Doing this before getting married will either get you more into alignment on finances…or not. Either way, you will be walking into a marriage with open eyes over the spending values of your partner. That will put you one step ahead of many couples.

5. A large amount of debt can be an obstacle when trying to buy a house, car, or major shared purchase.

People get married to build a life together. Most individuals believe that with a partner, they can build something bigger and greater than they could alone. Imagine the shock and disappointment that will happen when one person learns they (the couple) can’t qualify for a home loan because of the high debt-to-income ratio of one spouse.

When you and your partner are talking about your mutual financial future, consider whether debt already exists and whether being in debt could affect the realization of your shared financial dreams.

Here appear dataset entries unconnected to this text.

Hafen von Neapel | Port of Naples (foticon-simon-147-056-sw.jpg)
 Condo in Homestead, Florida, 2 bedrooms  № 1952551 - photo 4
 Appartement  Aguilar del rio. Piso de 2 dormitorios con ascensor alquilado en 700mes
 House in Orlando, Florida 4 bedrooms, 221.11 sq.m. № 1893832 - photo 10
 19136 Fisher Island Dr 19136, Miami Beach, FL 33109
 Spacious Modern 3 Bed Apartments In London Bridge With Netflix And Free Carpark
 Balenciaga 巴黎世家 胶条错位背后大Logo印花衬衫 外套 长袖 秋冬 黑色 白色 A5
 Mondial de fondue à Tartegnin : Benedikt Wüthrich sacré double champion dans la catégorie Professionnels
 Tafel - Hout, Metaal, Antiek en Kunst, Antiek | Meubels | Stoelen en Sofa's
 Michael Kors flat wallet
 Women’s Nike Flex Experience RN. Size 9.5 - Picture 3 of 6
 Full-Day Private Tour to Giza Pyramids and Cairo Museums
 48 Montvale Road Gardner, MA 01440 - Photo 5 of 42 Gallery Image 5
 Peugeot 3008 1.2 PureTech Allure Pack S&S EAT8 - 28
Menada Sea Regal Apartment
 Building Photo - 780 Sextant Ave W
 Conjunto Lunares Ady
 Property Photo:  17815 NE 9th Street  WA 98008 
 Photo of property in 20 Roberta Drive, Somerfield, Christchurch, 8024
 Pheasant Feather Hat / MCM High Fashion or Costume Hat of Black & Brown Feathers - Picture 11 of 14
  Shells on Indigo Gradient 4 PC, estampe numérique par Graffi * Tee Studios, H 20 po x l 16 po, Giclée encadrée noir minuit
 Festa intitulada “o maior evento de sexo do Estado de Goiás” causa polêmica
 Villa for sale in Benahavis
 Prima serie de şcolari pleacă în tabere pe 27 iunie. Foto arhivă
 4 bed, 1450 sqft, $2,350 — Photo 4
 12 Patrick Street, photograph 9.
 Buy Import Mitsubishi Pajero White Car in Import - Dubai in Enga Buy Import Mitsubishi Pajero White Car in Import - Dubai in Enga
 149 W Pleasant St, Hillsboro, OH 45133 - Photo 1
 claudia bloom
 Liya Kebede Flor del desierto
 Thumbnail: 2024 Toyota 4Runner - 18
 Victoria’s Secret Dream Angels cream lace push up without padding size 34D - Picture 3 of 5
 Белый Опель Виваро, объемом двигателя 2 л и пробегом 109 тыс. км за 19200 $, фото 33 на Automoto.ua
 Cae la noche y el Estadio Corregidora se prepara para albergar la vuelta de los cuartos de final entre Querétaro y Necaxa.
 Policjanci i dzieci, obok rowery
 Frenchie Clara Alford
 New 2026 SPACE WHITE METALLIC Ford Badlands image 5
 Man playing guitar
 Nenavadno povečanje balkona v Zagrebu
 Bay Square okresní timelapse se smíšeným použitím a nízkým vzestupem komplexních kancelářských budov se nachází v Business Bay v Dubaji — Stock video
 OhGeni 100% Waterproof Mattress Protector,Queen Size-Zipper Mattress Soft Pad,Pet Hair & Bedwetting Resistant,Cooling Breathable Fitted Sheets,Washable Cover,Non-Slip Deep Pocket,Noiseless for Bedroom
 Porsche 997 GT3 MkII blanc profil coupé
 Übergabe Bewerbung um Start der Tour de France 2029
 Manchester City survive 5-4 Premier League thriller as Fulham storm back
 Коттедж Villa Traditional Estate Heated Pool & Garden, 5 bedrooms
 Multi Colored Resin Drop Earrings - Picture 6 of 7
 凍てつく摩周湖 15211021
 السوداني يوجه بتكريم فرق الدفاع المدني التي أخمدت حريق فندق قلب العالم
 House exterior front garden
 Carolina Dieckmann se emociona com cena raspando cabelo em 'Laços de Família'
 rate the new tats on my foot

6. In many places in the United States, a partner is “on the hook” for the spending of the spouse whether the partner knew about the spending or not.

Regardless of whether the spending is caused by a lack of shared financial values or an addiction, debt could plague both parties during the marriage and after the marriage is over. Depending on the laws of your state, if your partner made it a habit to max out credit cards for designer handbags or trips to the spa, in the event of divorce, you could be on the hook for paying some of that debt back…even if you had no idea it was happening!

The fact that you or your partner has racked up significant debt when you are dating could be a clue that a problem exists and needs to be addressed.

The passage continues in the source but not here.